Francois Hollande, der neue Präsident Frankreichs, gilt für viele in der Sozialdemokratie als Hoffnungsträger für eine Ankehr vom Neoliberalismus. Eine erste Bilanz über seine Regierungspolitik zieht Greg Oxley aus Paris.
Seit dem Amtsantritt von François Hollande in Mai, ist die Zahl der Arbeitslosen jeden einzelnen Monat angestiegen. Mittlerweile überschreitet sie die 3 Millionen Grenze. Rechnet man nun die Anzahl der Beschäftigten hinzu, welche sich nur durch wenige Stunden Arbeit ihr Überleben sichern können und die als Arbeitssuchende registriert sind, so steigt die offizielle Zahl auf 4,5 Millionen.
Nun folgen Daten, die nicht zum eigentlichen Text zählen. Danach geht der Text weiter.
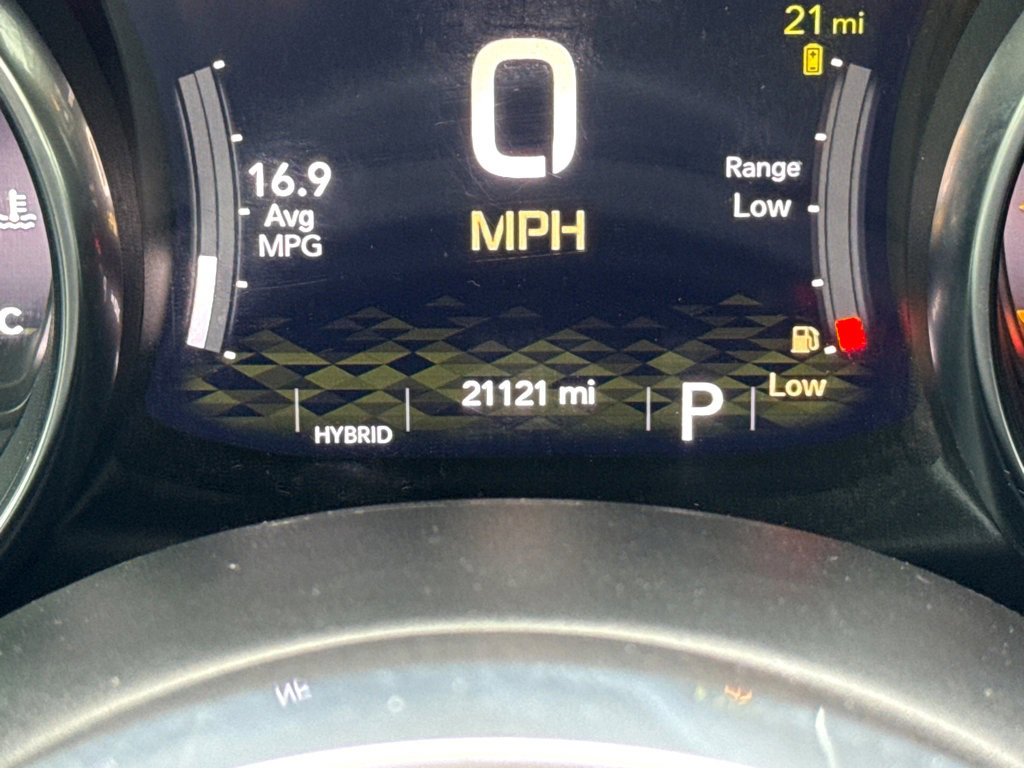 Certified 2021 Jeep Wrangler Unlimited Rubicon 4xe w/ Safety Group image 18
Geschätzte 1 Million weitere Menschen in Frankreich haben keine Arbeit, sind jedoch nicht registriert und haben auch somit kein Recht auf Arbeitslosengeld.
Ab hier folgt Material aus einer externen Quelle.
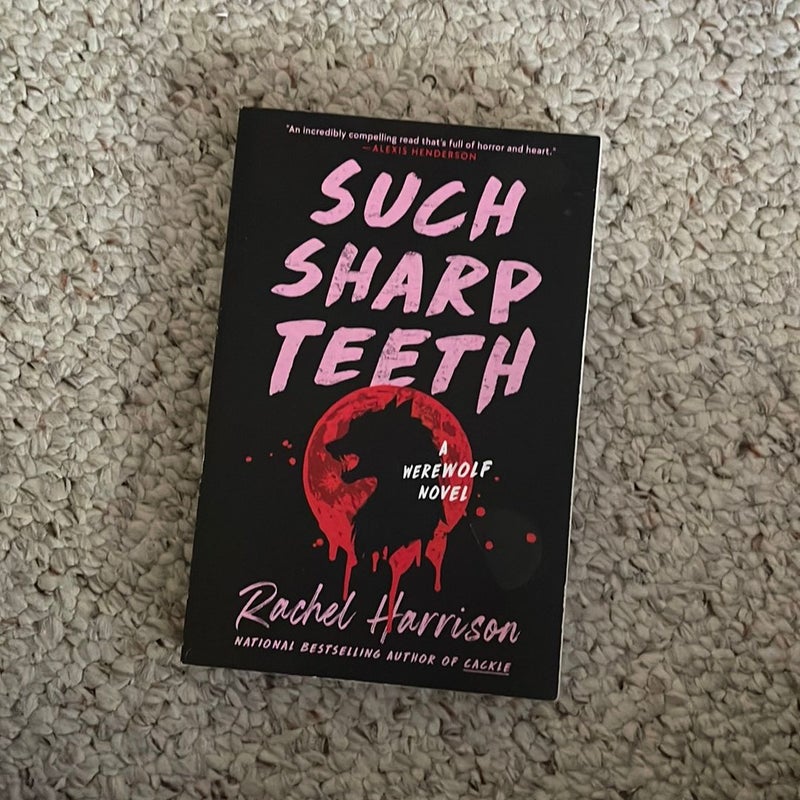 Such Sharp Teeth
Die Chancen, dass dieser Trend in absehbarer Zeit aufhört, sind sehr gering. Citroën-PSA streicht 8000 Stellen. Air France plant ebenso den Abbau von 5000 Stellen. Alcatel-Lucent, Sanofi, SFR, Bouygues Telecom, Hewlett-Packard, Conforama, Doux, Groupama, Puma, Castorama, Novandie, Nouvelles Frontières… Die Liste der Konzerne die den Abbau von Arbeitsstellen ankündigen ist endlos. Allein in der Bauindustrie sollen 35,000 Stellen im Laufe des Jahres gestrichen werden.
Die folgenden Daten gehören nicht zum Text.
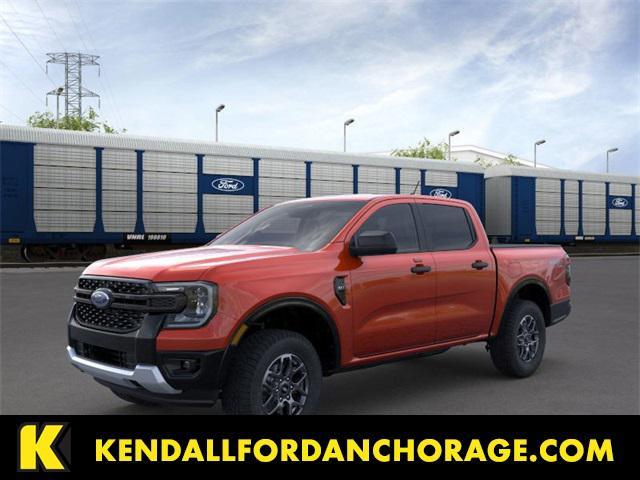 new 2024 Ford Ranger car, priced at $44,379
Die Hollande-Regierung macht den Eindruck völliger Hilflosigkeit. Und in Wahrheit ist dies mehr als nur ein Eindruck. Hollande und seine Minister sind die freiwilligen Gefangenen des Kapitalismus in der Epoche des Niedergangs dieser Gesellschaftsform. Es stimmt, die Reichen werden immer reicher, für sie gibt es keine Krise! Aber ihr System wird nur noch auf Kosten des Restes der Gesellschaft überleben.
Während seiner Wahlkampagne behauptete Hollande, dass er die Situation der arbeitenden Bevölkerung verbessern könnte und gleichzeitig die Interessen der Kapitalisten verteidigen würde. Das ist eine Utopie- oder, um es deutlicher zu formulieren, nur ein weiteres Beispiel für das doppelte Spiel, das die Führer der Sozialistischen Partei versuchen zu spielen.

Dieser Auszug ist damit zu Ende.